- Coat of arms
- Location of Fourtou
- Fourtou Fourtou
- Coordinates: 42°54′31″N 2°25′50″E﻿ / ﻿42.9086°N 2.4306°E
- Country: France
- Region: Occitania
- Department: Aude
- Arrondissement: Limoux
- Canton: La Haute-Vallée de l'Aude

Government
- • Mayor (2020–2026): Bernard Cros
- Area^{1}: 20.46 km^{2} (7.90 sq mi)
- Population (2023): 77
- • Density: 3.8/km^{2} (9.7/sq mi)
- Time zone: UTC+01:00 (CET)
- • Summer (DST): UTC+02:00 (CEST)
- INSEE/Postal code: 11155 /11190
- Elevation: 432–926 m (1,417–3,038 ft) (avg. 670 m or 2,200 ft)

= Fourtou =

Commune in Occitanie, France

Fourtou (/fr/; Forton) is a commune in the Aude department in southern France.

==Geography==
The commune is located in the Corbières Massif.

The village lies in the middle of the commune, on the left bank of the Moulin brook, a tributary of the Orbieu, which has its source in the northern part of the commune.

The church in the village has been renovated and is well maintained. Its bell comes from the 12 century church located below the village in a hamlet near the "Chemin des Héritiers" within the compound of the old cemetery. This older church has been recently renovated.

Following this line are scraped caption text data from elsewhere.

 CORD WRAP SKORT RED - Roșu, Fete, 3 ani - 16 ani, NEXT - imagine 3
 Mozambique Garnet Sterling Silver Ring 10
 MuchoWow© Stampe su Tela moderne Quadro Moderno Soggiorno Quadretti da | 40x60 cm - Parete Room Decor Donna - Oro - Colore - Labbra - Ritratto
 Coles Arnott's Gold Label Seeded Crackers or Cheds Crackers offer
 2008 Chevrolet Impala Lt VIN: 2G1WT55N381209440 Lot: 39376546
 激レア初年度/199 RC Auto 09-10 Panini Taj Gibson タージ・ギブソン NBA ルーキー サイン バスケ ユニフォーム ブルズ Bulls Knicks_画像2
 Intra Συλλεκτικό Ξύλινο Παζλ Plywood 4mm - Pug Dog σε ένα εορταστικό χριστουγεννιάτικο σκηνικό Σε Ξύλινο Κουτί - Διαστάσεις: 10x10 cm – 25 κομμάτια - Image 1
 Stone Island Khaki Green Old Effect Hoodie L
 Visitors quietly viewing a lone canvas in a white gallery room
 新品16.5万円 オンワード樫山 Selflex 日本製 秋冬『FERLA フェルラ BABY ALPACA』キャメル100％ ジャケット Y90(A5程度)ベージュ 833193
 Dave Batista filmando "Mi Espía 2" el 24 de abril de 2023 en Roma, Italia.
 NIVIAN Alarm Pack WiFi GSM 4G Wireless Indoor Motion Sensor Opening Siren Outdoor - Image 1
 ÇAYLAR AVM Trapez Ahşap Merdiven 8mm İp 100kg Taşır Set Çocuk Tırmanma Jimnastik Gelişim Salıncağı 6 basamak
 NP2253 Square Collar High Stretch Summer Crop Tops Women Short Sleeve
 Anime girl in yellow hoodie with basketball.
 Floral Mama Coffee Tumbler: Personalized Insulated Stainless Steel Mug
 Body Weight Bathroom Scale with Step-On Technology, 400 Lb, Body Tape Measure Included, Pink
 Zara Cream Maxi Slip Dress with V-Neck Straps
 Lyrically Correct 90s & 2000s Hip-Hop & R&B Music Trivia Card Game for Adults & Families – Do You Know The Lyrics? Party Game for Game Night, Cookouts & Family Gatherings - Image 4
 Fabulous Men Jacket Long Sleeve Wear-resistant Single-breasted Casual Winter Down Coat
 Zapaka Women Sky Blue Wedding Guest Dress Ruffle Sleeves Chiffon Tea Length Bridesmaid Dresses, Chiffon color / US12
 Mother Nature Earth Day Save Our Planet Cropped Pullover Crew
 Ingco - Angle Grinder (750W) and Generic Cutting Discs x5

The town hall has also been renovated and is regularly the seat of local celebrations.

The city's mayor Bernard Cros initiated several improvements and the construction of self-catering cottage(s).

The main activity of the village consists in livestock farming.

Outside the village, are several isolated domains hosting expatriate families: (Belgian, Dutch, German, British etc.)

==Culture & Spirituality==
4 km S-E, nearby the old church and the site 'La Mouline', you will find the Seat of "THEG-CHOG NORBU LING", a Tibetan Kagyu monastery established by Lama Gelong Sangyay Tendzin. This religious congregation hosts a community of ten residents a mix community of ordained monastics as well as and lay people, dedicating their life to the study and practice of Buddhism.

Everyday life at THEG-CHOG NORBU LING is dedicated to the development of mindfulness through 4 hours of karma yoga, as well as 4 hours of individual and group practice of Tibetan Dharma in the Karma Kamtshang tradition. During the wintertime the members accomplish a strict two-months spiritual retreat.